# Invite to Mastodon@bsd.network



## Lamia (Nov 8, 2022)

Good Afternoon,
Any admin on BSD.network - https://bsd.network/about - 
here that can send me an invite?

That will be appreciated.


----------



## zirias@ (Nov 8, 2022)

I'm starting to get an idea why my mail to admin@ over there didn't get a response yet 

Yes, you're not the first I've seen asking about it. There's some totally inexplicable  run on Mastodon it seems. Probably overload for those instances who want to stay in control of their influx...


----------



## Lamia (Nov 14, 2022)

Thanks zirias@. Given that this thread gains no traction, I reckon most members are not using the social network let alone giving its alternatives some thought. I am equally reconsidering my interest in it. 

I however have some professionals that would not jump ship i.e. they would pay whatever Elon demands. Those contacts are making me think.


----------



## zirias@ (Nov 14, 2022)

Lamia, have another look at their page there's now some explanation confirming what I assumed: they're heavily "overload" with new requests and promise to "trickle out" invitations.


Lamia said:


> I reckon most members are not using the social network let alone giving its alternatives some thought.

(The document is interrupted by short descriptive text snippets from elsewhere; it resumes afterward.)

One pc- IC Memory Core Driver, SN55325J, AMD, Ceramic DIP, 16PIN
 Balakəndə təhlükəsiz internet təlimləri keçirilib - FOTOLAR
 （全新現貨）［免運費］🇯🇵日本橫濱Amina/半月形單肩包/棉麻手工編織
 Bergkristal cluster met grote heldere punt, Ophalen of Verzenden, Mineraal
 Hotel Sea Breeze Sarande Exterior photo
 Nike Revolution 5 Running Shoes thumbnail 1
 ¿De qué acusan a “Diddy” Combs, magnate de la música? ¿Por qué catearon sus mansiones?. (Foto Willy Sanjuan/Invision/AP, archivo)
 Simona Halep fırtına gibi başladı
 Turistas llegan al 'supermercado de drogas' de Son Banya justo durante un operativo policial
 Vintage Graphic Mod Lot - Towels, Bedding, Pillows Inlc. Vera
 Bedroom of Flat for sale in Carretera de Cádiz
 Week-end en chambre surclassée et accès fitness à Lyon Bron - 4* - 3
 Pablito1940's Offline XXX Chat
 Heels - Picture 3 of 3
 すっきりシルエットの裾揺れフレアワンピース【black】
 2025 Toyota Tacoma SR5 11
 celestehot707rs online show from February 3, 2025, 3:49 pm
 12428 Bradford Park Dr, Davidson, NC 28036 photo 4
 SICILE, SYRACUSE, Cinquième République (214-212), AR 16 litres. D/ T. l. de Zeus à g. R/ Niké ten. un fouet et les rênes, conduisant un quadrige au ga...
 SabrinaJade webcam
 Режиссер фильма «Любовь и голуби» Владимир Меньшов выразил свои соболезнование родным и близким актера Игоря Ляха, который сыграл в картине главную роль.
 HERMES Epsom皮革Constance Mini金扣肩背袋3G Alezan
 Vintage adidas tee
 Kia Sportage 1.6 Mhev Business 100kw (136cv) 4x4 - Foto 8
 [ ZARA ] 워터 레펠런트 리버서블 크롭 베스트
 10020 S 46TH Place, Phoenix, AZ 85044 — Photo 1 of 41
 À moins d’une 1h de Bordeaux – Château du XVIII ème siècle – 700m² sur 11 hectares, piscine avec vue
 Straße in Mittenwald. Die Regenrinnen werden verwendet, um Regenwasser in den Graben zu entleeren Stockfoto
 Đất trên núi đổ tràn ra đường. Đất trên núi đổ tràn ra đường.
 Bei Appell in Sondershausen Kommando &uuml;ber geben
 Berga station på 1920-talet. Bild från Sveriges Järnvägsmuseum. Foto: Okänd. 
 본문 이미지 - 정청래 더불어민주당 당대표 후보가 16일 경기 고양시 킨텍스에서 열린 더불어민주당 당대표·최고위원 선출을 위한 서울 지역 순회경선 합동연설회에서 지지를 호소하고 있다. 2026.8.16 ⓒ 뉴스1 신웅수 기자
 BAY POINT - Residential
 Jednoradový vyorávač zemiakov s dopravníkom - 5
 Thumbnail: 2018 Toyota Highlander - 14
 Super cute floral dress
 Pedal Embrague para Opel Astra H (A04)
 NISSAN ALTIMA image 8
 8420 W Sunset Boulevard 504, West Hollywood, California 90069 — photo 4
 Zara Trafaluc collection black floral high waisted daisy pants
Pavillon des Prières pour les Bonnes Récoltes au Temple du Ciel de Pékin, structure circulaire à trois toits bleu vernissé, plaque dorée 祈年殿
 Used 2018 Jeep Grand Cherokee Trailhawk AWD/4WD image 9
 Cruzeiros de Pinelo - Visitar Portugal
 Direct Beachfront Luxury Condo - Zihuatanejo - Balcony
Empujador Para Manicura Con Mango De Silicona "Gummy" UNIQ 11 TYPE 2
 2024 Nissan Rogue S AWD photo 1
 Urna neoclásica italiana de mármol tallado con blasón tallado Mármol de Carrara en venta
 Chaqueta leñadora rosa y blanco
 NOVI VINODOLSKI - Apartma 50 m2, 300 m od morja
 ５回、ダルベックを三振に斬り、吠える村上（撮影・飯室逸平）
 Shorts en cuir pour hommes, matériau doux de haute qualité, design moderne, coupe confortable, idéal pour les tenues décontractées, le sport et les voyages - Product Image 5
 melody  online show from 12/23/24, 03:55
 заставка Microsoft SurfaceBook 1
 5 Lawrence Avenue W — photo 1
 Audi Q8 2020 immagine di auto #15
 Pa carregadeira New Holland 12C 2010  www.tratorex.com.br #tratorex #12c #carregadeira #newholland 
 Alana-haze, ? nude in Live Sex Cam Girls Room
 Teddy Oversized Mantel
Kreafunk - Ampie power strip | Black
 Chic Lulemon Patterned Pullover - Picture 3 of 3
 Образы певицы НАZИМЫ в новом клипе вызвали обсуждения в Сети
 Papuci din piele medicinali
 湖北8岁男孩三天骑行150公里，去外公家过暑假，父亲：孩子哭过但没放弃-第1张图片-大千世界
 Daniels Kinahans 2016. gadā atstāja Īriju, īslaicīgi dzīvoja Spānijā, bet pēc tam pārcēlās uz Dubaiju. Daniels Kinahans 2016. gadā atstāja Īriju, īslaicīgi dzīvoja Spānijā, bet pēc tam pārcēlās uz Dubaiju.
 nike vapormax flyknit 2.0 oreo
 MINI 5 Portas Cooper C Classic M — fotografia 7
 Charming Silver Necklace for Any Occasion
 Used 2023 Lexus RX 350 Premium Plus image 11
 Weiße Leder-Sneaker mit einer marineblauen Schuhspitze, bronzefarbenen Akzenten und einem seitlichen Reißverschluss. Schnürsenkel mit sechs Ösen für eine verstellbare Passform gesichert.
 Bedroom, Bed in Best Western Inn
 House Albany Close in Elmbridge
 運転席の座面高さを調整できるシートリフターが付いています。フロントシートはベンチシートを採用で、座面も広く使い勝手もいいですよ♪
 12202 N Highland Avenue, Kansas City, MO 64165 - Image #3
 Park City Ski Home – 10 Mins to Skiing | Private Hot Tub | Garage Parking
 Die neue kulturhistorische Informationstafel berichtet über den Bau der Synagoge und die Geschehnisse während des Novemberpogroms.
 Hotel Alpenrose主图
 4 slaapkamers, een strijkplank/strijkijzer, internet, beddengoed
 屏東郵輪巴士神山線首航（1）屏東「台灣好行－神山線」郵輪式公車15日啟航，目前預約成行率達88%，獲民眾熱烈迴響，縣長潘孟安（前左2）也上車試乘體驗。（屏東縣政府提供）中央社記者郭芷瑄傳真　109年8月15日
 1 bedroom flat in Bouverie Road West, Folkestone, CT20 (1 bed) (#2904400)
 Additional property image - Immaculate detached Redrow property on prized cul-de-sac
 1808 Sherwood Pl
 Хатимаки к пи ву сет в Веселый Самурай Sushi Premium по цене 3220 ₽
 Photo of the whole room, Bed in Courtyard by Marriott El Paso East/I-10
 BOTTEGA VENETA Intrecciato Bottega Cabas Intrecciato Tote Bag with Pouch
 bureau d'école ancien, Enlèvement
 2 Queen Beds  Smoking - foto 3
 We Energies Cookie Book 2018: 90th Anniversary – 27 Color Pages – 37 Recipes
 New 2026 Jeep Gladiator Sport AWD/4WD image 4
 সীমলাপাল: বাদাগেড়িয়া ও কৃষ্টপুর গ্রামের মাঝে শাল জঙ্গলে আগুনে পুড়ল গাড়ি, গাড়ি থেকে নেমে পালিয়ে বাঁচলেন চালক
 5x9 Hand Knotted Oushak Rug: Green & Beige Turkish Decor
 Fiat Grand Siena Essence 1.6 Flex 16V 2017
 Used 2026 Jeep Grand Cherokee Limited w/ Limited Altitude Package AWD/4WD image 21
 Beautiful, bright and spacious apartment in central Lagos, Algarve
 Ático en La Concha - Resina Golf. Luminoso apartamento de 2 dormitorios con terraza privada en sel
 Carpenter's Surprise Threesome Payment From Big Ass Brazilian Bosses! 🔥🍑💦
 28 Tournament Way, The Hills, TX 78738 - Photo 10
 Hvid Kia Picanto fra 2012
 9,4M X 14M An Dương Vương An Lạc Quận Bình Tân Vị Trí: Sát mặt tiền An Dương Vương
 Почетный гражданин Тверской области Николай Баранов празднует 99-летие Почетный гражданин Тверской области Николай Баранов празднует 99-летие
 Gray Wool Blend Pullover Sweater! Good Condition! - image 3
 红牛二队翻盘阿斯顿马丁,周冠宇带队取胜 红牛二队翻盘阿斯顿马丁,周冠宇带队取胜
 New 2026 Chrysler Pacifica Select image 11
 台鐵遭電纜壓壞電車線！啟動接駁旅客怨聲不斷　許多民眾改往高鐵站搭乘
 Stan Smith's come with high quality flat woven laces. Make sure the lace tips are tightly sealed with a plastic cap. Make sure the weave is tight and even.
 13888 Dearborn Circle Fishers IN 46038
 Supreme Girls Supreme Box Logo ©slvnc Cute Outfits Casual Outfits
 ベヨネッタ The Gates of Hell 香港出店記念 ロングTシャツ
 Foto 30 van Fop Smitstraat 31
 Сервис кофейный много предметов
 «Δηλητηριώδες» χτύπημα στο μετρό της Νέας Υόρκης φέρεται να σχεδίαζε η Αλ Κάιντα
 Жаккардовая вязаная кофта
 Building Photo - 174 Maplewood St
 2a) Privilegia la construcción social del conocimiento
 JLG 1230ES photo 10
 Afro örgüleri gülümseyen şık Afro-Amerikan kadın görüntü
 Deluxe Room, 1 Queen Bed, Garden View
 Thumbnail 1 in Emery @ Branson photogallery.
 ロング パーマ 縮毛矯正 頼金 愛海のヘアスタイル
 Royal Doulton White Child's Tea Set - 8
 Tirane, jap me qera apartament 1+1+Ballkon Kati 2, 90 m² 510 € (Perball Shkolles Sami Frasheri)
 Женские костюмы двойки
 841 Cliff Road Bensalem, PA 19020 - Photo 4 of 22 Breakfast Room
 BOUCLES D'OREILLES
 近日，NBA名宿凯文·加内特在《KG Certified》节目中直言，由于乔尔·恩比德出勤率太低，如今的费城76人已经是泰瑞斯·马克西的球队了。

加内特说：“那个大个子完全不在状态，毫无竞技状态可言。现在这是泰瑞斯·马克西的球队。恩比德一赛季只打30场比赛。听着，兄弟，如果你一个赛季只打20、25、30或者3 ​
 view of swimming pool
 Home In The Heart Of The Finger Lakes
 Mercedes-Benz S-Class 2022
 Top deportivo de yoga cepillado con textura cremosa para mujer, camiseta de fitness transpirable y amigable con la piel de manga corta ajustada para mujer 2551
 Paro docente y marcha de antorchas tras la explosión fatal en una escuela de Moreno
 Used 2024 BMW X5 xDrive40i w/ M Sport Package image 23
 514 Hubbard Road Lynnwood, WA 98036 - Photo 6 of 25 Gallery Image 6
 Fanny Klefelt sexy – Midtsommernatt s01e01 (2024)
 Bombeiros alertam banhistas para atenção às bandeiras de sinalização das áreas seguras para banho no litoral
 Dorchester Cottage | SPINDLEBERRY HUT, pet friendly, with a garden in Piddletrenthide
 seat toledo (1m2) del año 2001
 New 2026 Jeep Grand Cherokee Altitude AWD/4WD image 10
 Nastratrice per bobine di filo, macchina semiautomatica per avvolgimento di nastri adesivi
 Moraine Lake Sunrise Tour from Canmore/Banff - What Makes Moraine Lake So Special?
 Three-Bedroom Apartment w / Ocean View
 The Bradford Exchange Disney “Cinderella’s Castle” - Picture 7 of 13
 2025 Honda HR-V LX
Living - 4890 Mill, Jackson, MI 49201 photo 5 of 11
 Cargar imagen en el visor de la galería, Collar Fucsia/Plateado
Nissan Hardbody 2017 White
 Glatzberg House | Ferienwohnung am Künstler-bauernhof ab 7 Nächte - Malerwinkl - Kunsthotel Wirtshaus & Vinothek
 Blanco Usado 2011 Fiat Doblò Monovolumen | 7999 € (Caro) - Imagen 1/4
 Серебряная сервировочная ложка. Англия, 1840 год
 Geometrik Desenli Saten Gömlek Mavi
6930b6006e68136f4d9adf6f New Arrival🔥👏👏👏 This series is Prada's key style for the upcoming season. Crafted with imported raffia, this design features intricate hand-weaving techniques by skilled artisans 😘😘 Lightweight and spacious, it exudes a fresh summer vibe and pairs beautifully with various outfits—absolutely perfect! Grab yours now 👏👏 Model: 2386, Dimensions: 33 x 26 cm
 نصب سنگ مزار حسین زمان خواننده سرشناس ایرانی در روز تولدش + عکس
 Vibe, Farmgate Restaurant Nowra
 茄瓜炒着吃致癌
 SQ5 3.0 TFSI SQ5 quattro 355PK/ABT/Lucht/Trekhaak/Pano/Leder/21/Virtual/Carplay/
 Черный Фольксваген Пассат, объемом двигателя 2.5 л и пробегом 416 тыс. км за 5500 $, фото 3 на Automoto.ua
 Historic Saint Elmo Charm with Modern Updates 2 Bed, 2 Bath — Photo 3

At least in the FreeBSD "bubble" on Twitter, I've already seen many linking their bsd.network mastodon account.


----------



## Crivens (Nov 16, 2022)

Is this bsd.network up and alive? When they iron it out, someone please drop me a note?


----------



## zirias@ (Nov 16, 2022)

Crivens AFAIK it's "up and alive", but it seems they have limited resources and are currently overwhelmed by the musk-effect 

(edit: write a mail as suggested on their "about page" and hope to get a place in the queue that's eventually served ... oh, my ... I'm still waiting ...)


----------



## Crivens (Nov 22, 2022)

I'll check it out, iff I find the time...


----------



## Lamia (Yesterday at 9:49 AM)

FreshPorts -- net-im/mastodon: GNU Social-compatible microblogging server
					

Mastodon is an alternative implementation of GNU social, a free, open-source social network.  It is a decentralized alternative to commercial platforms based on ActivityStreams, Webfinger, PubsubHubbub and Salmon.  The project focuses on creating a clean REST API and a good user interface.  Ruby...




					www.freshports.org
				




Resurrected! I might just use it.


----------